+++ Records shown +++

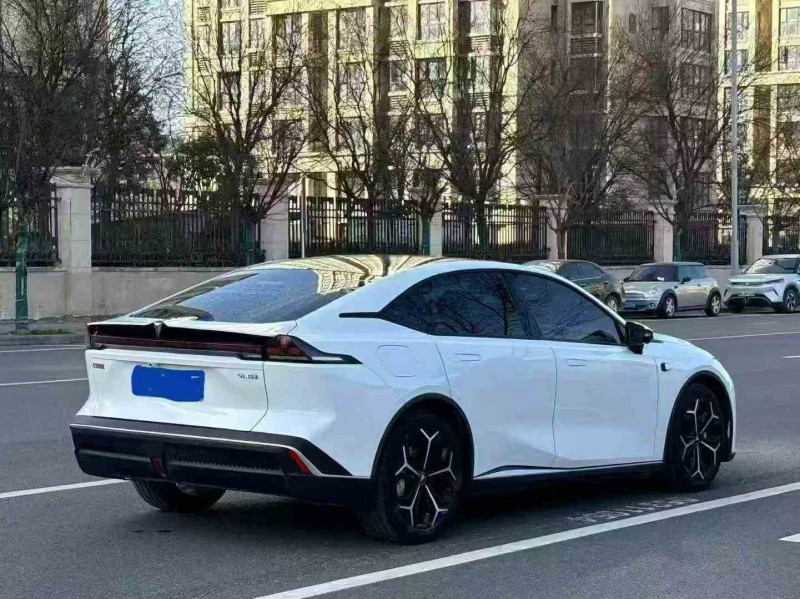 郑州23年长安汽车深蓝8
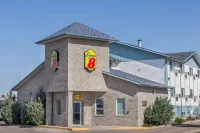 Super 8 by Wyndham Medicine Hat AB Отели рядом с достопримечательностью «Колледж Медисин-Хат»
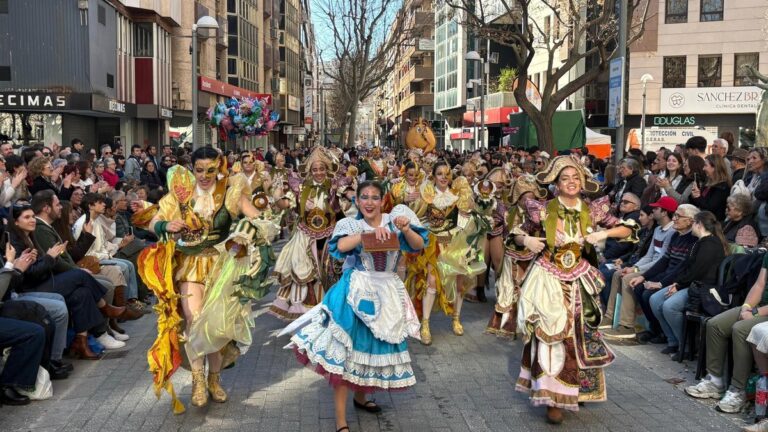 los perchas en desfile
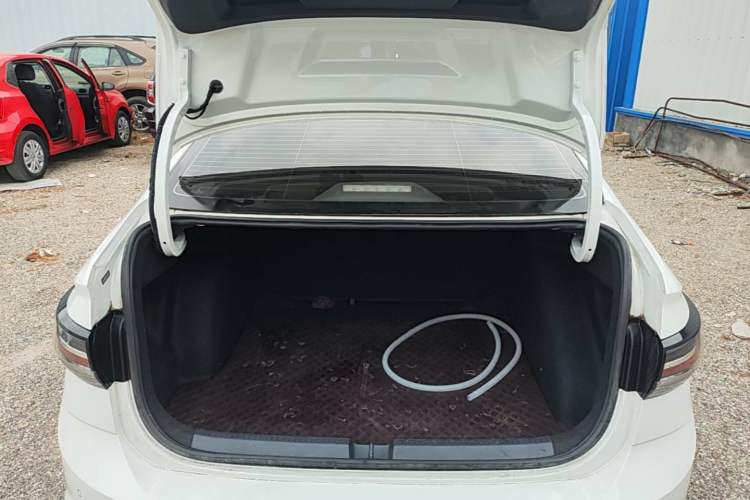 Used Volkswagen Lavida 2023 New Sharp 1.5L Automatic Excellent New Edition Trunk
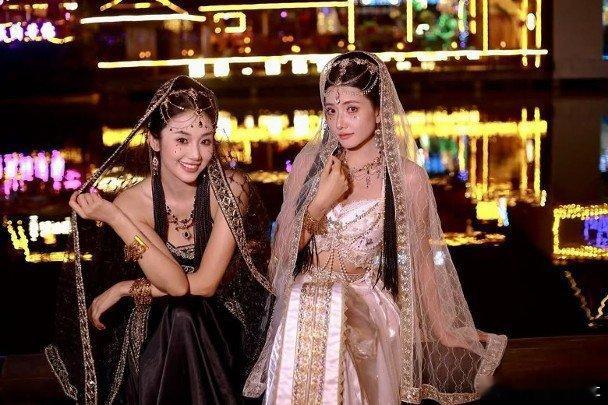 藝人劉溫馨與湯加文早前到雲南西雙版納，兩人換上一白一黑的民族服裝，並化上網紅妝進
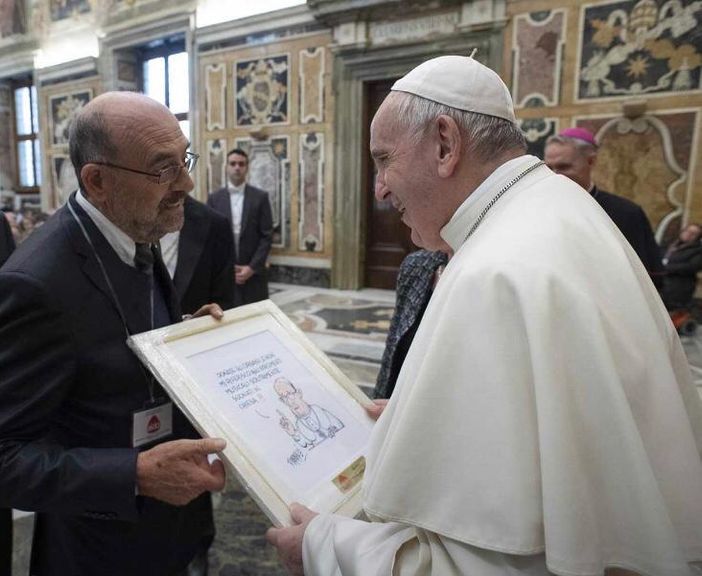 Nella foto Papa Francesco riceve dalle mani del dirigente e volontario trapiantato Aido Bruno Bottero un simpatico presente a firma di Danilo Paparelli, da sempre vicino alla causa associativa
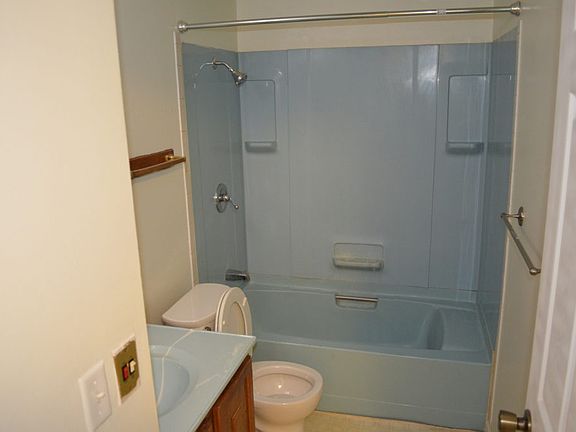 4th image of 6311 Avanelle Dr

+++

▶ [To do]
Beginning with the first line of the records and ending with the line that contains "Nella foto Papa", reproduce every line exactly, omitting pictures and adding nothing.

▶ [Solution below]
 郑州23年长安汽车深蓝8
 Super 8 by Wyndham Medicine Hat AB Отели рядом с достопримечательностью «Колледж Медисин-Хат»
 los perchas en desfile
 Used Volkswagen Lavida 2023 New Sharp 1.5L Automatic Excellent New Edition Trunk
 藝人劉溫馨與湯加文早前到雲南西雙版納，兩人換上一白一黑的民族服裝，並化上網紅妝進
 Nella foto Papa Francesco riceve dalle mani del dirigente e volontario trapiantato Aido Bruno Bottero un simpatico presente a firma di Danilo Paparelli, da sempre vicino alla causa associativa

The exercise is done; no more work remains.